RECORDED INFORMATION:
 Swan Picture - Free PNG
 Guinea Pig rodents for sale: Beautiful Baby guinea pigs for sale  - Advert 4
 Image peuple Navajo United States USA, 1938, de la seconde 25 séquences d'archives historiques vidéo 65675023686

---

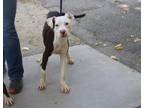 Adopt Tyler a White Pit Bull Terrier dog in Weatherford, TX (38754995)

TASK PROMPT:
What you give back should be only the lines of the records above, starting at the line with "Guinea Pig rodents" and ending at the line with "Image peuple Navajo", restated word for word.

OUTPUT OF THE TASK:
 Guinea Pig rodents for sale: Beautiful Baby guinea pigs for sale  - Advert 4
 Image peuple Navajo United States USA, 1938, de la seconde 25 séquences d'archives historiques vidéo 65675023686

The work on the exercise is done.